The indiscreet zeal of the
adversaries to the Constitution has betrayed them into an attack on
this part of it also, without which it would have been evidently and
radically defective. To be fully sensible of this, we need only suppose
for a moment that the supremacy of the State constitutions had been
left complete by a saving clause in their favor.
In the first place, as these
constitutions invest the State legislatures with absolute sovereignty,
in all cases not excepted by the existing articles of Confederation,
all the authorities contained in the proposed Constitution, so far as
they exceed those enumerated in the Confederation, would have been annulled,
and the new Congress would have been reduced to the same impotent condition
with their predecessors.
In the next place, as the
constitutions of some of the States do not even expressly and fully
recognize the existing powers of the Confederacy, an express saving
of the supremacy of the former would, in such States, have brought into
question every power contained in the proposed Constitution.
In the third place, as the constitutions
of the States differ much from each other, it might happen that a treaty
or national law, of great and equal importance to the States, would
interfere with some and not with other constitutions, and would consequently
be valid in some of the States, at the same time that it would have
no effect in others.
In fine, the world would have
seen, for the first time, a system of government founded on an inversion
of the fundamental principles of all government; it would have seen
the authority of the whole society every where subordinate to the authority
of the parts; it would have seen a monster, in which the head was under
the direction of the members.
3. "The Senators and Representatives,
and the members of the several State legislatures, and all executive
and judicial officers, both of the United States and the several States,
shall be bound by oath or affirmation to support this Constitution."
It has been asked why it was thought
necessary, that the State magistracy should be bound to support the
federal Constitution, and unnecessary that a like oath should be imposed
on the officers of the United States, in favor of the State constitutions.
Several reasons might be assigned
for the distinction.
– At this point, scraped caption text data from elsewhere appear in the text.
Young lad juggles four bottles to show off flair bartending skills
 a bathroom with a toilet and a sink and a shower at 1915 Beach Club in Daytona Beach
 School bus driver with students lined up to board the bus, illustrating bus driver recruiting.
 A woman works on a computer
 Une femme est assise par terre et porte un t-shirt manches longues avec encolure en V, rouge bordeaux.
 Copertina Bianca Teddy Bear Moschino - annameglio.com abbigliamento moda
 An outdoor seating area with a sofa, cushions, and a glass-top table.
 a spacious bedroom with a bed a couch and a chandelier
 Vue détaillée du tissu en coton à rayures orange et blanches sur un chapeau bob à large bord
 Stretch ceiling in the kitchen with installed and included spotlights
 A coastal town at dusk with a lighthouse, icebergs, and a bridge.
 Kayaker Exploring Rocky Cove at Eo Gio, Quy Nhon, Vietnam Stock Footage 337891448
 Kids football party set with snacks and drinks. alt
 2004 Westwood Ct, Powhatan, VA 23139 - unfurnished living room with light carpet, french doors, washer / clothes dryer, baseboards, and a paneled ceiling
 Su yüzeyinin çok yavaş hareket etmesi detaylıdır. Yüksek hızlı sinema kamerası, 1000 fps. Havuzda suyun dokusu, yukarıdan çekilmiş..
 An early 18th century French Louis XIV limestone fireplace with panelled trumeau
I content myself with one, which is obvious and
conclusive. The members of the federal government will have no agency
in carrying the State constitutions into effect. The members and officers
of the State governments, on the contrary, will have an essential agency
in giving effect to the federal Constitution. The election of the President
and Senate will depend, in all cases, on the legislatures of the several
States. And the election of the House of Representatives will equally
depend on the same authority in the first instance; and will, probably,
forever be conducted by the officers, and according to the laws, of
the States.
4. Among the provisions for
giving efficacy to the federal powers might be added those which belong
to the executive and judiciary departments: but as these are reserved
for particular examination in another place, I pass them over in this.
We have now reviewed, in detail,
all the articles composing the sum or quantity of power delegated by
the proposed Constitution to the federal government, and are brought
to this undeniable conclusion, that no part of the power is unnecessary
or improper for accomplishing the necessary objects of the Union. The
question, therefore, whether this amount of power shall be granted or
not, resolves itself into another question, whether or not a government
commensurate to the exigencies of the Union shall be established; or,
in other words, whether the Union itself shall be preserved.